* _Work to complete_
What is needed is an exact transcription of every record.

%%

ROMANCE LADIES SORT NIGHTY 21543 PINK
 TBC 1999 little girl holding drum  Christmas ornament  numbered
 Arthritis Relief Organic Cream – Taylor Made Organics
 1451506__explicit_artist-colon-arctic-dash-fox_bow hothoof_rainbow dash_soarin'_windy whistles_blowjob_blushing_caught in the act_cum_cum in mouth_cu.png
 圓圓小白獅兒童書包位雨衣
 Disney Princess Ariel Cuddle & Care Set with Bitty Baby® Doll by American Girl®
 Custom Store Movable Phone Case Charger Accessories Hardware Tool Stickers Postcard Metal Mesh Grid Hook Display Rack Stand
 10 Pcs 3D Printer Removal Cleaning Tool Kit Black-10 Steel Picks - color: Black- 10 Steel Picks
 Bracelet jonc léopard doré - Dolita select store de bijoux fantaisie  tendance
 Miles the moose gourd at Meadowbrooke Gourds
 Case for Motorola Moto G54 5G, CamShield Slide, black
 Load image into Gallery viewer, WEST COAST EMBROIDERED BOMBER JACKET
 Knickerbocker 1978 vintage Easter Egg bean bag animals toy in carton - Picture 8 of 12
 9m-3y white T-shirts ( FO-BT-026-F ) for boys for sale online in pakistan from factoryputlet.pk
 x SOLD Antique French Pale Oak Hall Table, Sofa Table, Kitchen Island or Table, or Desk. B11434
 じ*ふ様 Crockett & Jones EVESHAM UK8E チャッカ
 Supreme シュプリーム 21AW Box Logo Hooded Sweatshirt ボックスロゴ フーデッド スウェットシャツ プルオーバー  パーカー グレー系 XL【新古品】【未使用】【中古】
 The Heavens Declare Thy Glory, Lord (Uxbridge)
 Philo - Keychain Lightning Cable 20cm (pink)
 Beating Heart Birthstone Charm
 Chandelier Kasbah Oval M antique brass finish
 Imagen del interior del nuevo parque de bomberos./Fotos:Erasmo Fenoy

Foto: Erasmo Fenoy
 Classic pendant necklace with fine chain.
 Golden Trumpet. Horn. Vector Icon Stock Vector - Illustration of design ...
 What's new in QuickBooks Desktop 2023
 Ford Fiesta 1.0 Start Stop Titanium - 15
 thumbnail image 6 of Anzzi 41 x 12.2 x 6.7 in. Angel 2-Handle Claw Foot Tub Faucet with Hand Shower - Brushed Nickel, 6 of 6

%%

* _Result_
ROMANCE LADIES SORT NIGHTY 21543 PINK
 TBC 1999 little girl holding drum  Christmas ornament  numbered
 Arthritis Relief Organic Cream – Taylor Made Organics
 1451506__explicit_artist-colon-arctic-dash-fox_bow hothoof_rainbow dash_soarin'_windy whistles_blowjob_blushing_caught in the act_cum_cum in mouth_cu.png
 圓圓小白獅兒童書包位雨衣
 Disney Princess Ariel Cuddle & Care Set with Bitty Baby® Doll by American Girl®
 Custom Store Movable Phone Case Charger Accessories Hardware Tool Stickers Postcard Metal Mesh Grid Hook Display Rack Stand
 10 Pcs 3D Printer Removal Cleaning Tool Kit Black-10 Steel Picks - color: Black- 10 Steel Picks
 Bracelet jonc léopard doré - Dolita select store de bijoux fantaisie  tendance
 Miles the moose gourd at Meadowbrooke Gourds
 Case for Motorola Moto G54 5G, CamShield Slide, black
 Load image into Gallery viewer, WEST COAST EMBROIDERED BOMBER JACKET
 Knickerbocker 1978 vintage Easter Egg bean bag animals toy in carton - Picture 8 of 12
 9m-3y white T-shirts ( FO-BT-026-F ) for boys for sale online in pakistan from factoryputlet.pk
 x SOLD Antique French Pale Oak Hall Table, Sofa Table, Kitchen Island or Table, or Desk. B11434
 じ*ふ様 Crockett & Jones EVESHAM UK8E チャッカ
 Supreme シュプリーム 21AW Box Logo Hooded Sweatshirt ボックスロゴ フーデッド スウェットシャツ プルオーバー  パーカー グレー系 XL【新古品】【未使用】【中古】
 The Heavens Declare Thy Glory, Lord (Uxbridge)
 Philo - Keychain Lightning Cable 20cm (pink)
 Beating Heart Birthstone Charm
 Chandelier Kasbah Oval M antique brass finish
 Imagen del interior del nuevo parque de bomberos./Fotos:Erasmo Fenoy

Foto: Erasmo Fenoy
 Classic pendant necklace with fine chain.
 Golden Trumpet. Horn. Vector Icon Stock Vector - Illustration of design ...
 What's new in QuickBooks Desktop 2023
 Ford Fiesta 1.0 Start Stop Titanium - 15
 thumbnail image 6 of Anzzi 41 x 12.2 x 6.7 in. Angel 2-Handle Claw Foot Tub Faucet with Hand Shower - Brushed Nickel, 6 of 6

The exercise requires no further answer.